13. Principais desafios

  • Conclusão integral da fase 1 até o Porto do Pecém.
  • Definição do trecho Salgueiro–Suape, ainda dependente de estudos e decisões institucionais.
  • Garantia de financiamento contínuo até a conclusão das obras.
  • Cumprimento de condicionantes ambientais.
  • Gestão de desapropriações e impactos sobre comunidades locais.
  • Controle público sobre recursos federais aplicados em empreendimento de concessão privada.
  • Integração com outras ferrovias para ampliar o alcance nacional do corredor logístico.

14. Síntese dos principais números

  • 1.206 km a 1.209 km de extensão na fase atual.
  • 1.753 km no projeto originalmente concebido.
  • 53 municípios atravessados.
  • 3 estados diretamente envolvidos.
  • 679 km autorizados para tráfego de cargas.
  • 580 km utilizados em operações iniciais.
  • 81% de execução da fase 1.
  • 2027 como previsão de conclusão da primeira fase.
  • R$ 9,8 bilhões já investidos.
  • R$ 15 bilhões de orçamento total estimado.
  • R$ 6,6 bilhões já liberados pelo FDNE.
  • R$ 41,2 milhões liberados pelo BNB em maio de 2026.
  • R$ 1,7 bilhão desembolsado em 2025.
  • R$ 1 bilhão previsto em novos desembolsos em 2026.
  • 20 vagões no primeiro teste operacional relevante.
  • 1.000 toneladas de milho transportadas em teste.
  • 946,12 toneladas de sorgo transportadas em novo teste.
  • 16 horas e 34 minutos de duração no segundo teste operacional.
  • 143 pontes e viadutos previstos.
  • 2,2 milhões de dormentes previstos.
  • 209 mil toneladas de trilhos previstas.
  • 3,2 milhões de m³ de brita previstos.
  • 1 km de distância possível para frenagem de uma composição.

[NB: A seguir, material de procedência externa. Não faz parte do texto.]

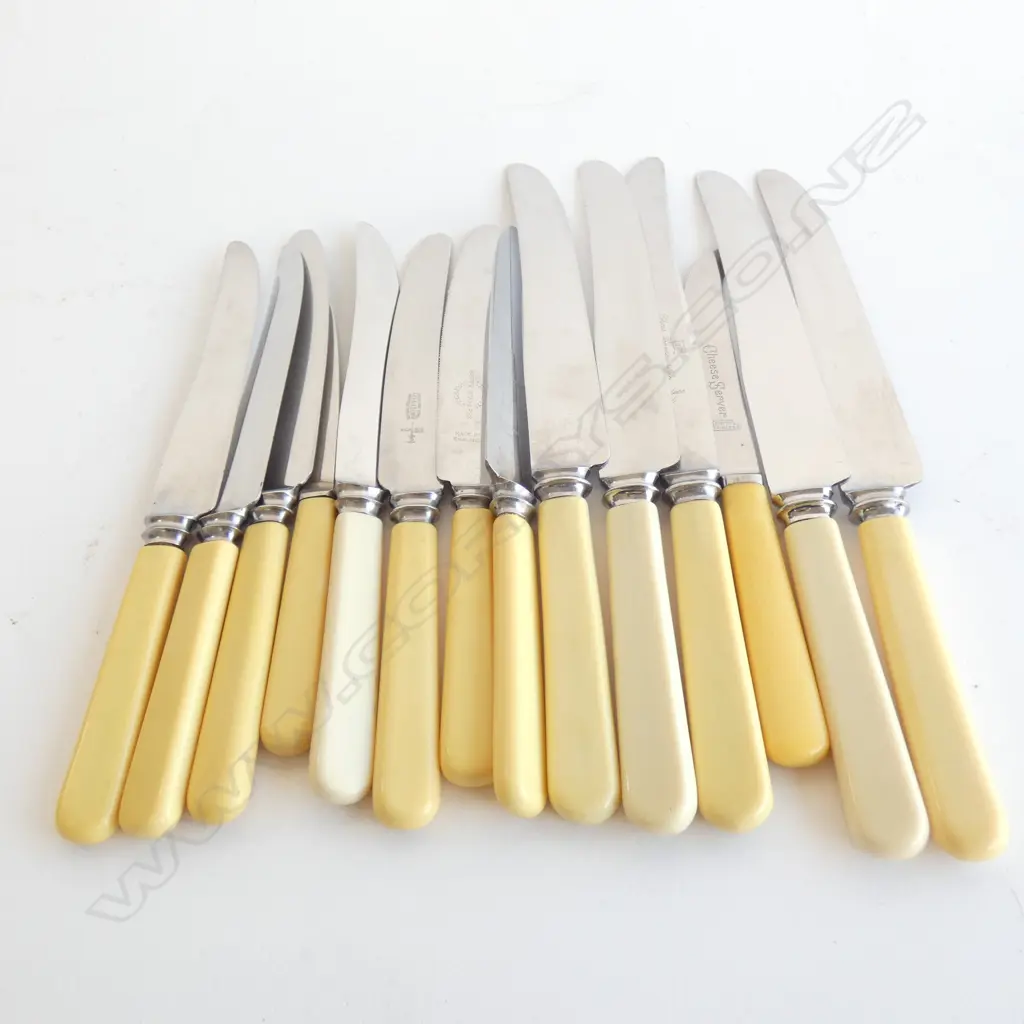 14 ASST. IVORINE HANDLED KNIVES  Image 1++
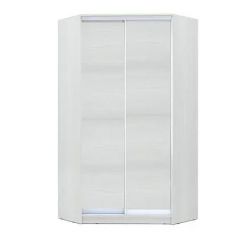 Шкаф-купе ХИТ-У-R-24-64-11 в Приобье - priobie.mebel24.online | фото 1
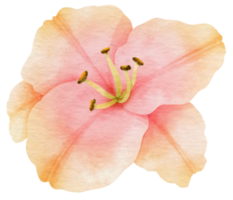 fiore rosa dipinto ad acquerello per elemento decorativo png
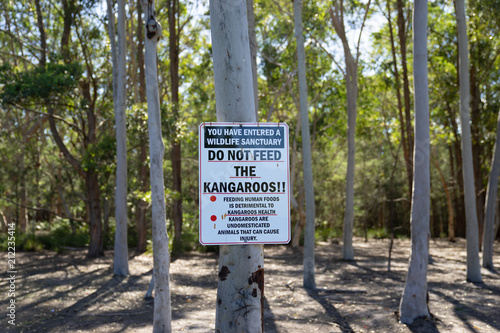 Do not feed the Kangaroos warning sign at Morriset Park in Sydney photo
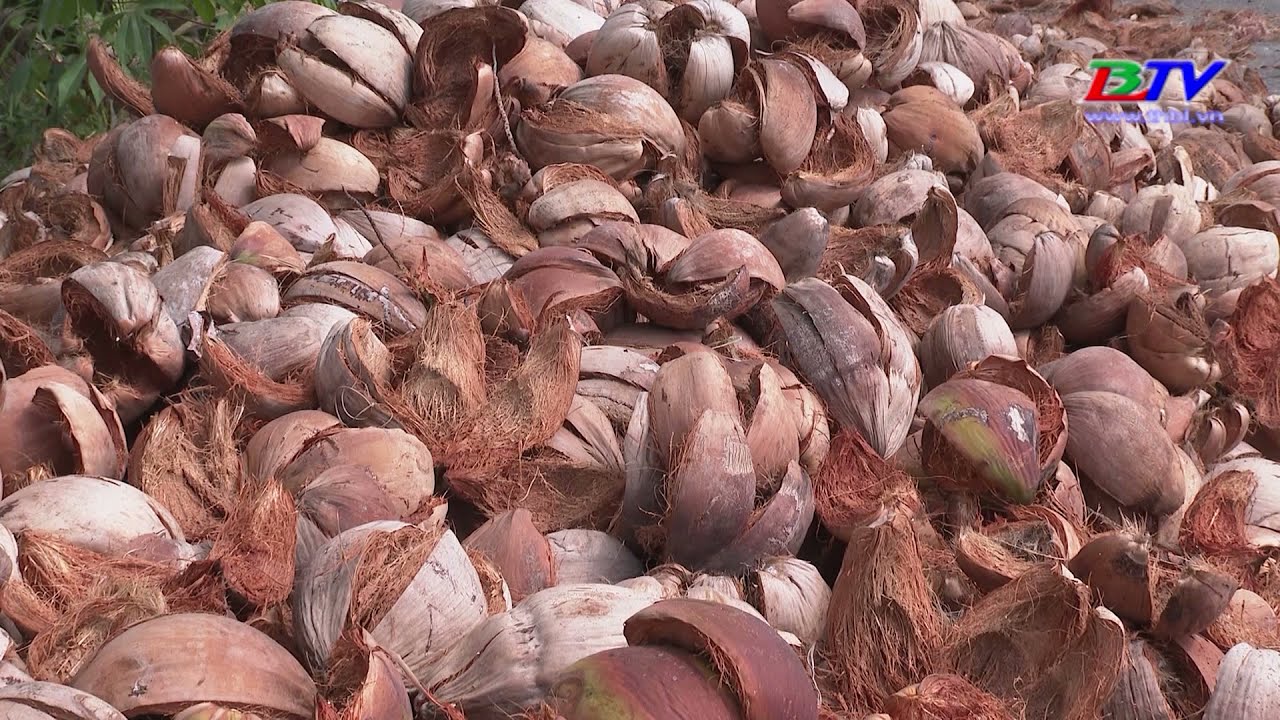 Khởi nghiệp từ phân xơ dừa.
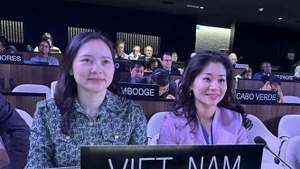 越南常驻教科文组织代表团团长阮氏云英大使与文化体育与旅游部国际合作司司长、越南《2005年公约》国家协调机构代表阮芳和博士出席会议。（图片来源：越通社）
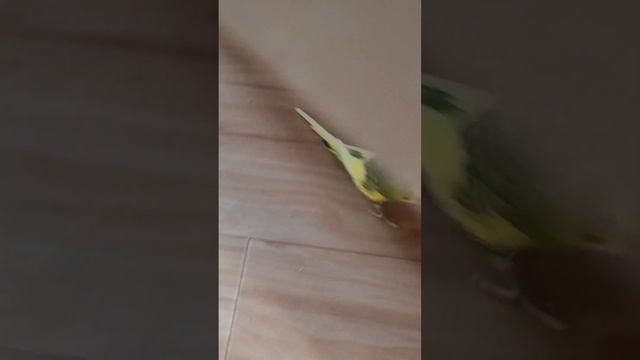 ВОТ это ЗРЕЛИЩЕ! Так ВЫГЛЯДИТ НАСТОЯЩАЯ ДРУЖБА! смотреть онлайн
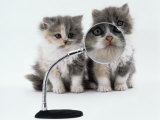 Two Domestic Cat Kittens Play with Magnifying Glass Pósters por Jane Burton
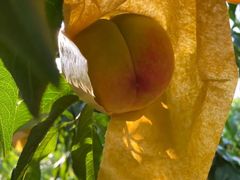 -老袁家蜜桃农场·阳山水蜜桃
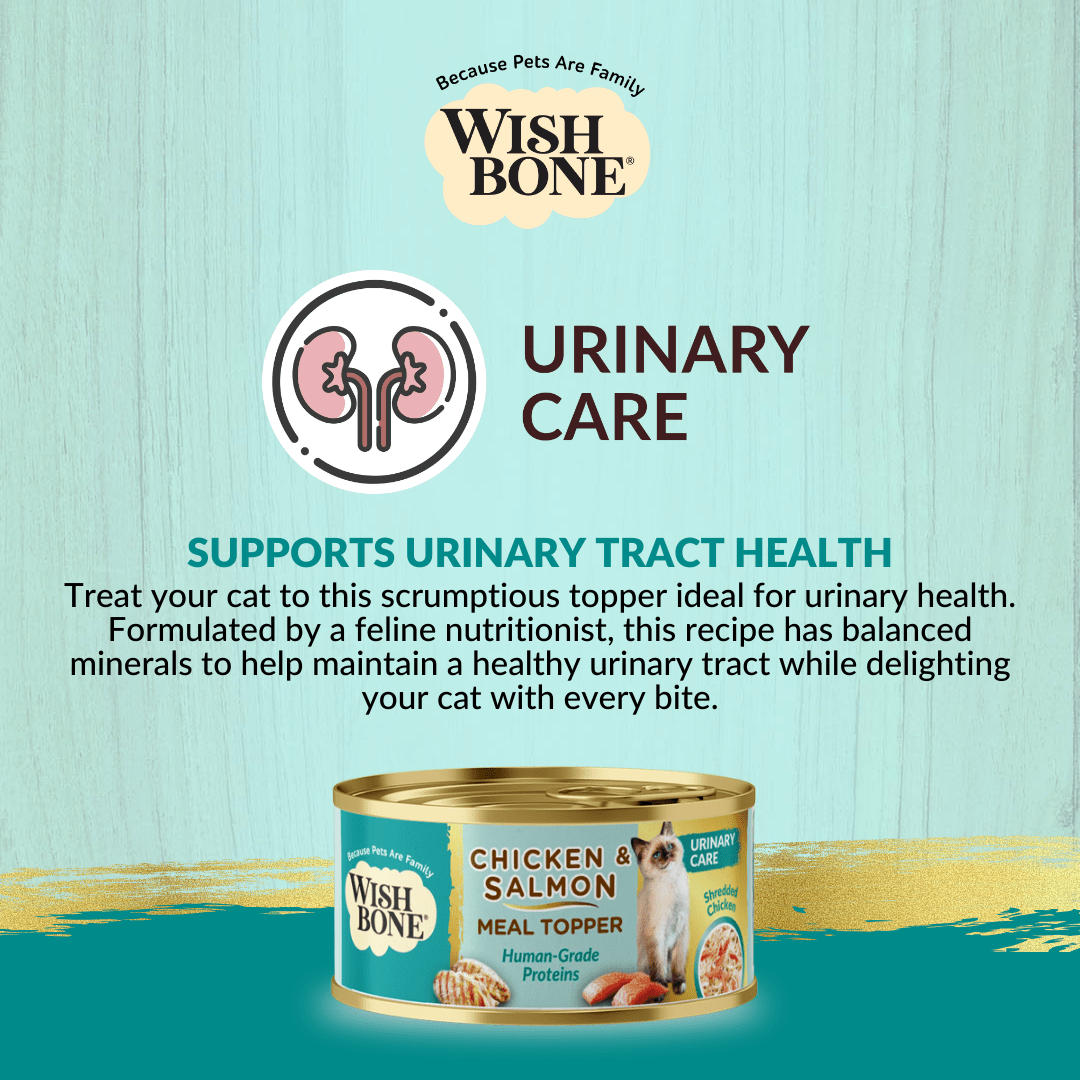 Wishbone Chicken & Salmon - Cat Urinary Care Topper in Cans 85g - Wishbone Pet Foods NZ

Obra estratégica de transporte de cargas

A Ferrovia Nova Transnordestina é uma obra estratégica de transporte de cargas voltada à integração logística do Nordeste. Com aproximadamente 1.206 km a 1.209 km na fase atual, 81% de execução e previsão de conclusão em 2027, o empreendimento busca ligar áreas produtoras do Piauí, Pernambuco e Ceará ao Porto do Pecém. Apesar dos avanços, a definição do trecho até Suape e a continuidade do financiamento permanecem como pontos decisivos.

A Ferrovia Nova Transnordestina avança como obra estratégica para integrar o interior produtivo do Nordeste ao Porto do Pecém, com cerca de 81% da fase 1 concluída e novos aportes do FDNE. O projeto, conduzido pela TLSA no eixo Piauí–Ceará, enfrenta desafios financeiros, ambientais e institucionais. O trecho Salgueiro–Suape segue como ponto sensível, dependente de estudos, decisões públicas e controle do TCU.
Ferrovia Nova Transnordestina avança com 81% da fase 1 concluída, novos aportes do FDNE e debate sobre o trecho até Suape. Obra pode reduzir custos logísticos, integrar cadeias produtivas e fortalecer a economia do Nordeste.